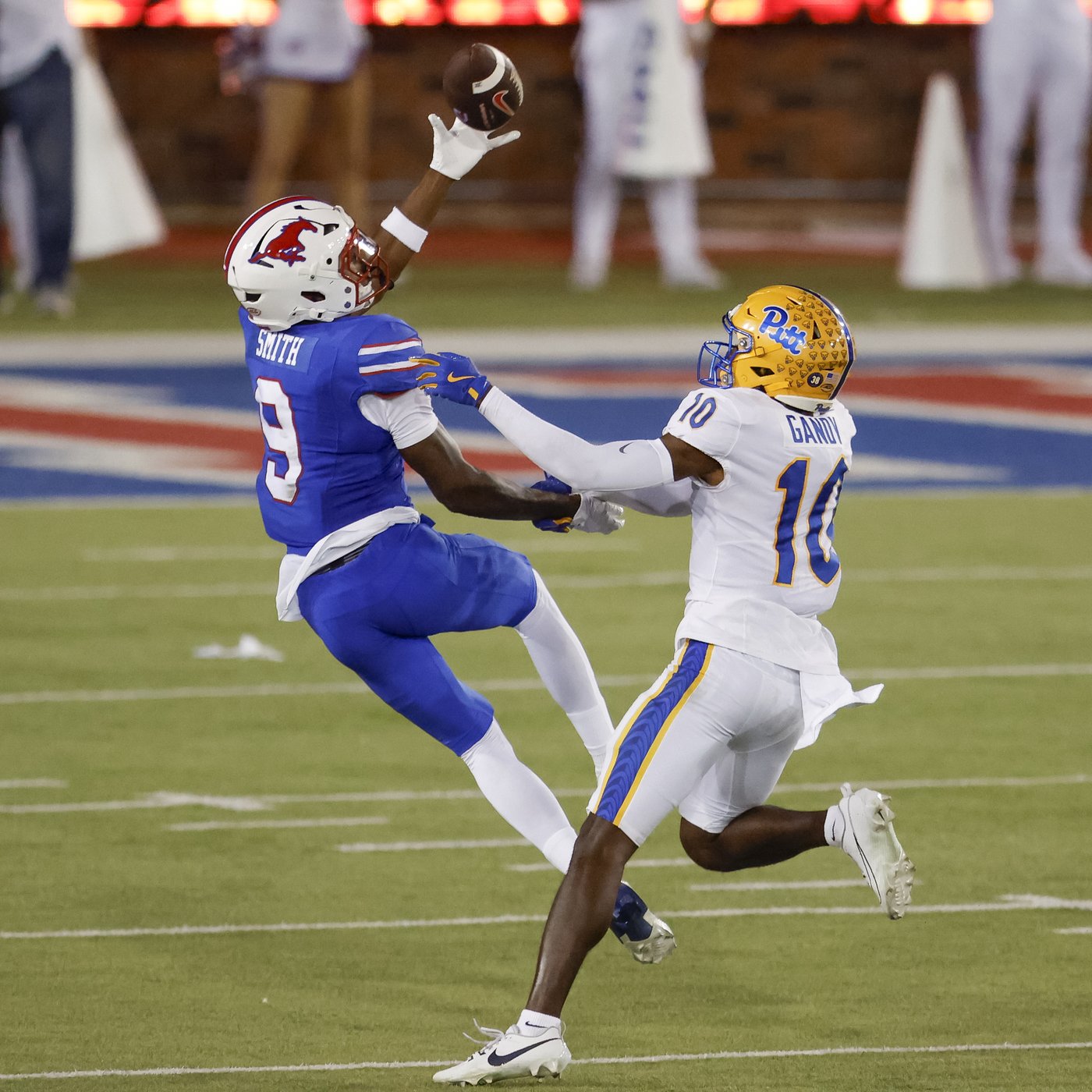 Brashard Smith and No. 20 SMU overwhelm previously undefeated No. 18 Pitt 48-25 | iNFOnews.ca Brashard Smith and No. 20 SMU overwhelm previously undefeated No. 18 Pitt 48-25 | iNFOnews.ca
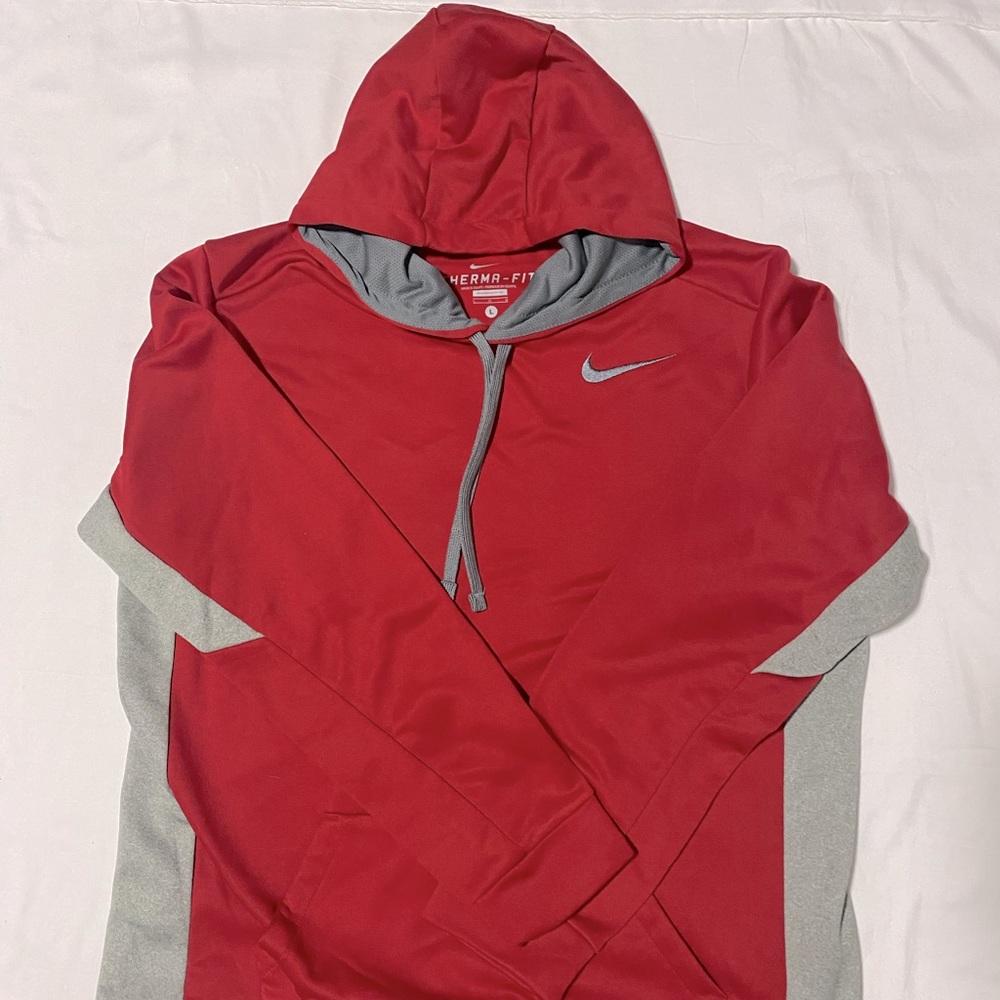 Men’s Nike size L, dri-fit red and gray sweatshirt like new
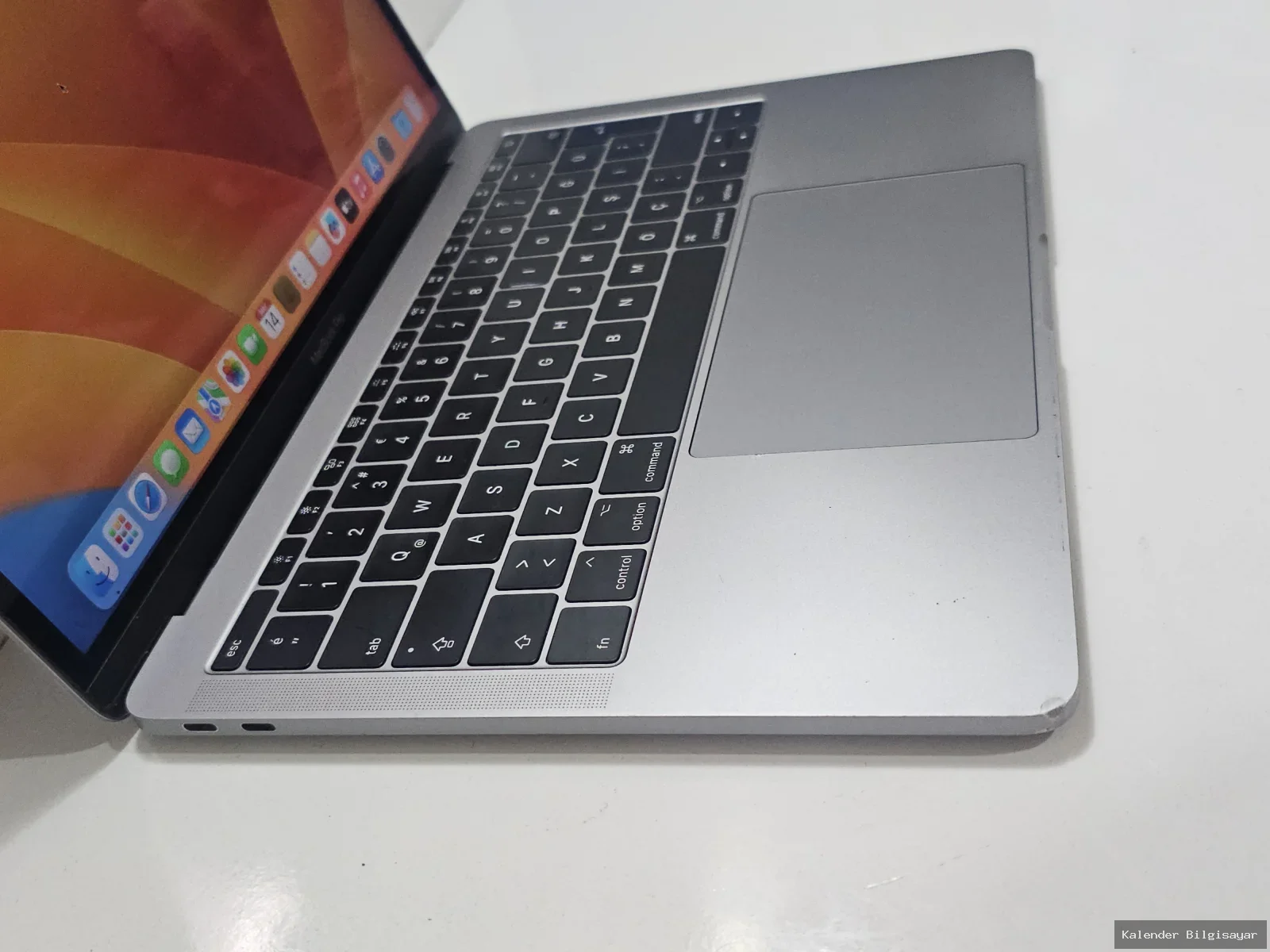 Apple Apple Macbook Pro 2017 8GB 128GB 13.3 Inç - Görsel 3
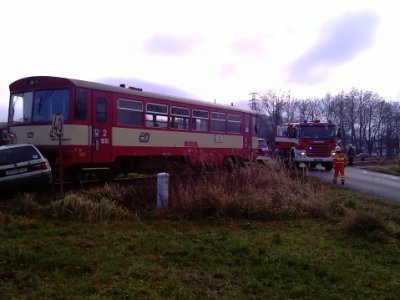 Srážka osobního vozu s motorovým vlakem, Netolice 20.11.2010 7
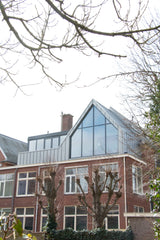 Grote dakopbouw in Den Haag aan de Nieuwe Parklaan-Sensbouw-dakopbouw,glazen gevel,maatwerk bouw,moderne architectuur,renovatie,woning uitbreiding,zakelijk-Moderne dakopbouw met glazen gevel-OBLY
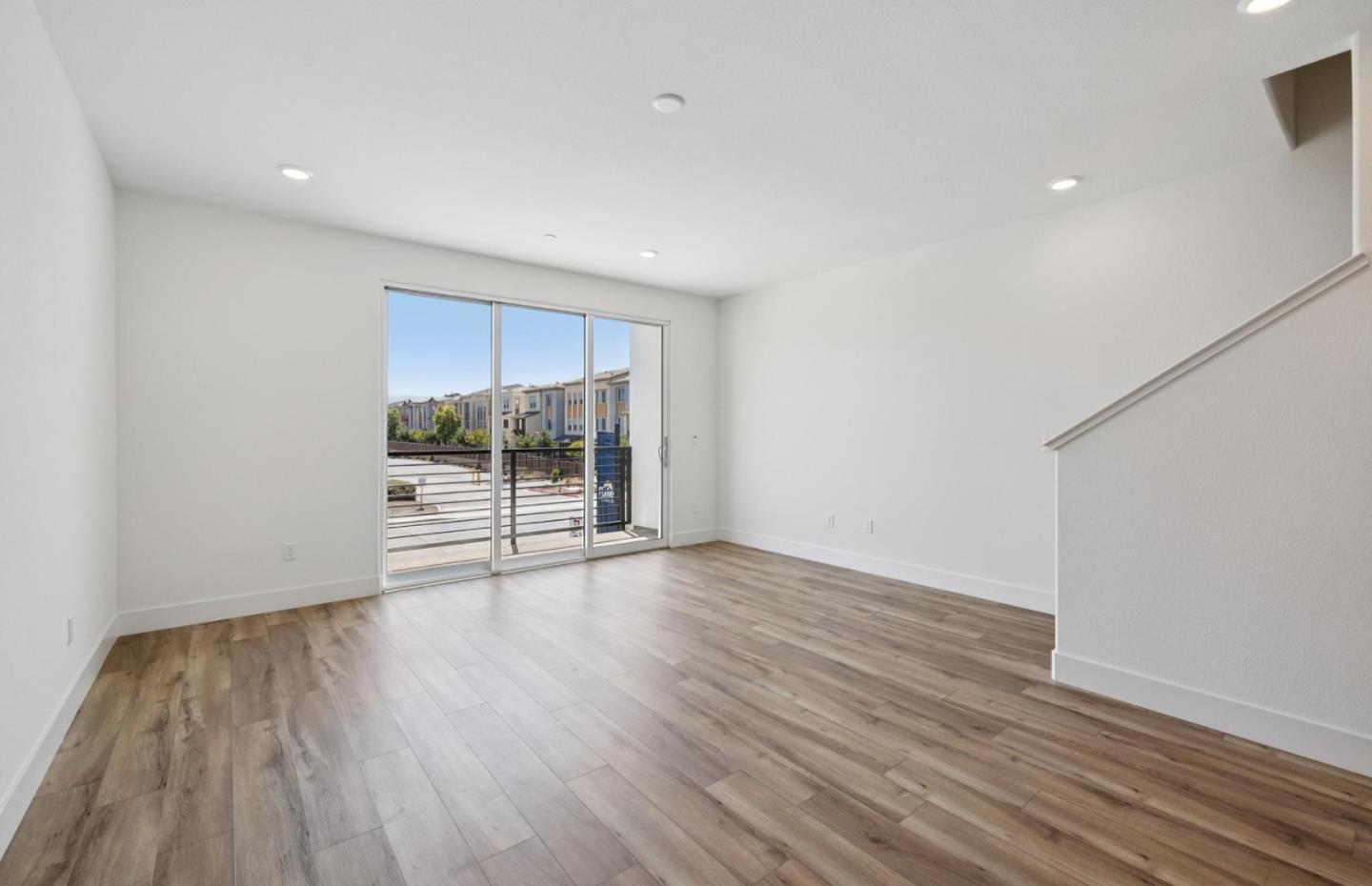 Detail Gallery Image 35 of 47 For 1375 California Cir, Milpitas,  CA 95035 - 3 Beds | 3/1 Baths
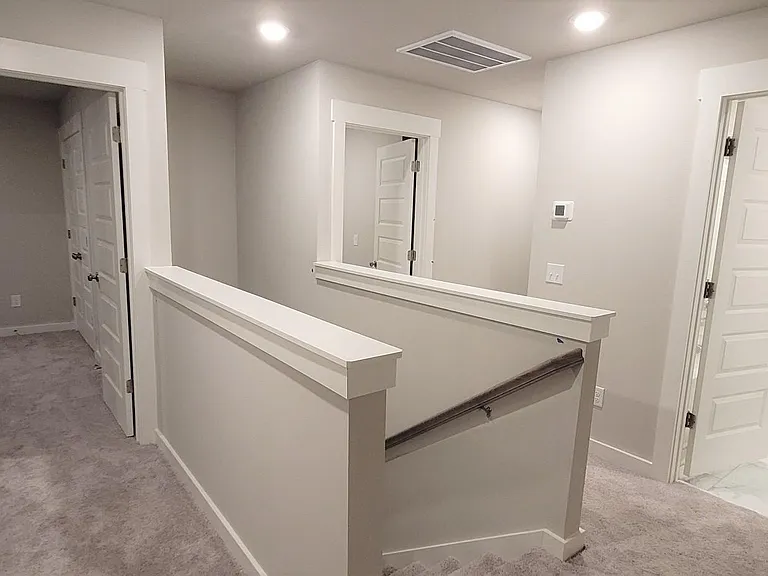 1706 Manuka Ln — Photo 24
◆ ◆ ◆ ◆ ◆
> WHAT THE TASK ASKS: Above are the records; transcribe them exactly without the pictures.

> REPLY TO THE TASK:
 Brashard Smith and No. 20 SMU overwhelm previously undefeated No. 18 Pitt 48-25 | iNFOnews.ca Brashard Smith and No. 20 SMU overwhelm previously undefeated No. 18 Pitt 48-25 | iNFOnews.ca
 Men’s Nike size L, dri-fit red and gray sweatshirt like new
 Apple Apple Macbook Pro 2017 8GB 128GB 13.3 Inç - Görsel 3
 Srážka osobního vozu s motorovým vlakem, Netolice 20.11.2010 7
 Grote dakopbouw in Den Haag aan de Nieuwe Parklaan-Sensbouw-dakopbouw,glazen gevel,maatwerk bouw,moderne architectuur,renovatie,woning uitbreiding,zakelijk-Moderne dakopbouw met glazen gevel-OBLY
 Detail Gallery Image 35 of 47 For 1375 California Cir, Milpitas,  CA 95035 - 3 Beds | 3/1 Baths
 1706 Manuka Ln — Photo 24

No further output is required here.